There are missing values, but many other variables including the guardian's native language, student's native language, whether the student is hispanic, and what language the interview was used—to determine whether the guardian was hispanic.

In [61]:
##remove anything that is not "yes" or "no"
# Update the guardian_hispanic column
df_sample.loc[~df_sample["guardian_hispanic"].isin(["Yes", "No"]), "guardian_hispanic"] = ""

#check the column "guardian_native_language" "student_hispanic", 
#"student_native_language", "language of interview", 
# Define a function to fill missing values in guardian_hispanic column based on conditions
def fill_guardian_hispanic(row):
    if pd.isnull(row['guardian_hispanic']) or row['guardian_hispanic'] not in ['Yes', 'No']:
        if row['student_hispanic'] == 'Yes':
            return 'Yes'
        elif row['student_hispanic'] == 'No':
            return 'No'
        elif row['guardian_native_language'] == 'Spanish':
            return 'Yes'
        elif row['student_native_language'] == 'Spanish':
            return 'Yes'
        elif row['language'] == 'Spanish':
            return 'Yes'
        else:
            return 'No'
    else:
        return row['guardian_hispanic']

# Apply the function to fill missing values in guardian_hispanic column
df_sample['guardian_hispanic'] = df_sample.apply(fill_guardian_hispanic, axis=1)

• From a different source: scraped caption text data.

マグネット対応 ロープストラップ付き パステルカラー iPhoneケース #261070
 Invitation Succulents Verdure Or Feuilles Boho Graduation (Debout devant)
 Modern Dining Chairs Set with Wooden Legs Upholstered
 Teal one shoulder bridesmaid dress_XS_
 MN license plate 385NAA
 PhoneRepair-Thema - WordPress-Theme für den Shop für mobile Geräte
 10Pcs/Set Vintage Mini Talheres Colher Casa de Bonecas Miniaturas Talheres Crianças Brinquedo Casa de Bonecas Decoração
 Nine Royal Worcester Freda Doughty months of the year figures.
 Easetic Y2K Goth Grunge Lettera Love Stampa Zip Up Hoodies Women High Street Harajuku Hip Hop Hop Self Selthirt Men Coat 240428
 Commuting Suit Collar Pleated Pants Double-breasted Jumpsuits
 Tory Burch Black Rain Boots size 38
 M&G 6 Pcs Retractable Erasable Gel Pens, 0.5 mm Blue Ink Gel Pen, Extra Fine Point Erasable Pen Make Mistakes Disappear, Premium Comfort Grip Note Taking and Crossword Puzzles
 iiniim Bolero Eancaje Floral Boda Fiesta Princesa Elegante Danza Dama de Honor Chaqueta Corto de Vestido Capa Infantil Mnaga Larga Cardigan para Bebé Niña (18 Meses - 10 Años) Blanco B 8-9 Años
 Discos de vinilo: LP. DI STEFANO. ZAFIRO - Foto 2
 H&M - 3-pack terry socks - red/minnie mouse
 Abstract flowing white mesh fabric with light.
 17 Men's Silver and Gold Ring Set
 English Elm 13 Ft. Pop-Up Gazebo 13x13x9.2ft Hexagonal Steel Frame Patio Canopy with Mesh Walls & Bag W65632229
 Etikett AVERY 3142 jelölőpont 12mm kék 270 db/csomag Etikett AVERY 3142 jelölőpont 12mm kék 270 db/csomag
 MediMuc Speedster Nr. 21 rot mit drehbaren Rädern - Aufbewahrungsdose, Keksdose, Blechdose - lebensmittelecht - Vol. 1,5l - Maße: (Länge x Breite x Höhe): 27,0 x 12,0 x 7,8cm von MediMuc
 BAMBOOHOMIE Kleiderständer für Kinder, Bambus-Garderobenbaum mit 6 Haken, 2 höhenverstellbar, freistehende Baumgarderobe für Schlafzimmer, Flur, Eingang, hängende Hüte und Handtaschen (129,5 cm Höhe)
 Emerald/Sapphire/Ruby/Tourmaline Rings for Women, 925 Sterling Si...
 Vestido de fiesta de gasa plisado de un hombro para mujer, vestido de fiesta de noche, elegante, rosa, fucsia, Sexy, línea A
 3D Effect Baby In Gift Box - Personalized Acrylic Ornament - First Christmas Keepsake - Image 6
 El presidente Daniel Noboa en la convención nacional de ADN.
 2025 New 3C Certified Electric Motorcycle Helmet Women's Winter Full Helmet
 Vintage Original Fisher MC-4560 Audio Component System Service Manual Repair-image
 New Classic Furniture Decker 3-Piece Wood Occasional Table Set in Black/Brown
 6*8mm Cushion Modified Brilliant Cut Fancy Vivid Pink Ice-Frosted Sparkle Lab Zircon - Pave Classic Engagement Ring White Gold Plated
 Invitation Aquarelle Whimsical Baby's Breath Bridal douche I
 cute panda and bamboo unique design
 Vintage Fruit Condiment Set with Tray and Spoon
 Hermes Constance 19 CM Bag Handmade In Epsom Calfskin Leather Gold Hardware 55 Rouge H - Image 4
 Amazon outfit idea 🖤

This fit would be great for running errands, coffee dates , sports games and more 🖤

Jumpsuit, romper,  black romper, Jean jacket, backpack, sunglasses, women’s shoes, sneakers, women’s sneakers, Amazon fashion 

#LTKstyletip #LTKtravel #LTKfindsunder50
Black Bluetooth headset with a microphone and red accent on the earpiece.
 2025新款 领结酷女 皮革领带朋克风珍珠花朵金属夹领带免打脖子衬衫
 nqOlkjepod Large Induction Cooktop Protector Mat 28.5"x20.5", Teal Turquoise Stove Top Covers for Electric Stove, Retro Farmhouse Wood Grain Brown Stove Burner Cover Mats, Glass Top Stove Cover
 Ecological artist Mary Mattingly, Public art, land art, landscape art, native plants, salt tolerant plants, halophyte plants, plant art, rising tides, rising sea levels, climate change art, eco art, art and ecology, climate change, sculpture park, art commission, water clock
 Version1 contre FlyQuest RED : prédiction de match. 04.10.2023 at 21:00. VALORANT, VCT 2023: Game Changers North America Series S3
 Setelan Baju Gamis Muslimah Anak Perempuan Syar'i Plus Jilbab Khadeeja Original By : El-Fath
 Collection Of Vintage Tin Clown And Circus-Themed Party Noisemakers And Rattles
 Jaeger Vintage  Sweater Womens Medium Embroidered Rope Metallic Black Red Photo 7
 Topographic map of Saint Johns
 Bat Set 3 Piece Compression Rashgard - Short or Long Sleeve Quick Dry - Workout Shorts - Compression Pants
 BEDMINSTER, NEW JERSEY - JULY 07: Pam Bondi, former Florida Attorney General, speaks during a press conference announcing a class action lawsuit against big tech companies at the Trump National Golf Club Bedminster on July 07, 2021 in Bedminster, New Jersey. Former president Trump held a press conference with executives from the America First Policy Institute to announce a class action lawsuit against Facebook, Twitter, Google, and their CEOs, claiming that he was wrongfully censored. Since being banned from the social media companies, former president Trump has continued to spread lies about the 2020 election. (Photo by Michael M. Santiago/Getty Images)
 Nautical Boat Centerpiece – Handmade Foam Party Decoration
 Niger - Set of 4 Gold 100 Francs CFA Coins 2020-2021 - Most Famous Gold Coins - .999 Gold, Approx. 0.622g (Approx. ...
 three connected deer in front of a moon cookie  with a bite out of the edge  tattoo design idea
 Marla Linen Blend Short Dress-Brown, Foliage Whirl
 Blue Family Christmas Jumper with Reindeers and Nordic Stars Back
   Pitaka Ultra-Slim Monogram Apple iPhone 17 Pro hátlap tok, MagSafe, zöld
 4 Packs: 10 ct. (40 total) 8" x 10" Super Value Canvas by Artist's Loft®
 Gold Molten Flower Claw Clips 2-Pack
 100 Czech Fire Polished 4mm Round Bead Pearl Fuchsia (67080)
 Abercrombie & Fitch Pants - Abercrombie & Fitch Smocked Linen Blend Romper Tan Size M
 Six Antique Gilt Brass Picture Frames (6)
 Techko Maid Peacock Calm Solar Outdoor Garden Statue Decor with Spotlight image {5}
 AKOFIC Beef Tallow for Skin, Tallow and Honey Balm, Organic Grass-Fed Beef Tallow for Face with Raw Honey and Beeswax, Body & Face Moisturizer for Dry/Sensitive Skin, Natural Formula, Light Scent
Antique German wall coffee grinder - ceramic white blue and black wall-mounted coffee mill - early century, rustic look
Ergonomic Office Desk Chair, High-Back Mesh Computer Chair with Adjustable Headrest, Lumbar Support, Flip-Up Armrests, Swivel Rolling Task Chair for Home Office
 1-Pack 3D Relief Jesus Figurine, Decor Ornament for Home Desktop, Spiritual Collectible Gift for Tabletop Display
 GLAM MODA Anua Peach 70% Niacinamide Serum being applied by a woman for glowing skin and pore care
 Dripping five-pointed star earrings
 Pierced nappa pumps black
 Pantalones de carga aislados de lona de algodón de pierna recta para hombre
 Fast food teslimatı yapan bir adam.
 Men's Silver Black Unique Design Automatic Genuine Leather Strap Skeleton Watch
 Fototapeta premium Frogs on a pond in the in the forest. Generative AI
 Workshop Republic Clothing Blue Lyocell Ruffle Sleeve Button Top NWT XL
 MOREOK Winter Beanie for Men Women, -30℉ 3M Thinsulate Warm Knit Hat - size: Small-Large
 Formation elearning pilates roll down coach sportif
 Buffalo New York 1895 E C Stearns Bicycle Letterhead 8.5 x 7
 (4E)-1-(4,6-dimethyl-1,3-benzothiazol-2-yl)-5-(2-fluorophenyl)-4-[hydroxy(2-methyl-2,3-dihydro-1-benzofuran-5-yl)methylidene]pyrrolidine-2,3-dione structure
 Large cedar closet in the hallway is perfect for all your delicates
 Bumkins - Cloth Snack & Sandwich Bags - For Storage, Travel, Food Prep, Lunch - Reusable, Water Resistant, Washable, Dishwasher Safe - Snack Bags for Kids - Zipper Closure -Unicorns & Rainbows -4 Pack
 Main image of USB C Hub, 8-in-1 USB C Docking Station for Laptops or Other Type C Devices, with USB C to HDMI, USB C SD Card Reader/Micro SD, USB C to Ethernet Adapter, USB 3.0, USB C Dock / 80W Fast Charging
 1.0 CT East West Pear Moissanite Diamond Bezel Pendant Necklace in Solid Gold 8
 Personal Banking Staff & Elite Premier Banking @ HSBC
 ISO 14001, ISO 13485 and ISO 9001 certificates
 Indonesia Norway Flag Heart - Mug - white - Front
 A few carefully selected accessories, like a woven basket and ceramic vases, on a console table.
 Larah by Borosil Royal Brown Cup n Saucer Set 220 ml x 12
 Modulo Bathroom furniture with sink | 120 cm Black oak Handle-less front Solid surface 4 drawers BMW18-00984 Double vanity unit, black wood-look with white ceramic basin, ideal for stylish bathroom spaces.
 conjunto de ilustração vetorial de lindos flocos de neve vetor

# Convert "yes" and "no" to binary dummy variables
df_sample['guardian_hispanic'] = df_sample['guardian_hispanic'].map({'Yes': True, 'No': False})

# Write the updated data to a new CSV file
df_sample.to_csv('../data/sample_data.csv', index=False)

## Guardian Native Language

## Guardian Race

## Guardian Date of Birth

use guardian's DOB and interview year to determine guardian’s age during time of interview. We create a new variable named 'guardian_age'

In [66]:
# use guardian's DOB and interview year to determine guardian’s age during time of interview. 
# Convert 'guardian_birth_date' and 'date' columns to datetime
df_sample['guardian_birth_date'] = pd.to_datetime(df_sample['guardian_birth_date'], errors='coerce')
df_sample['date'] = pd.to_datetime(df_sample['date'], errors='coerce')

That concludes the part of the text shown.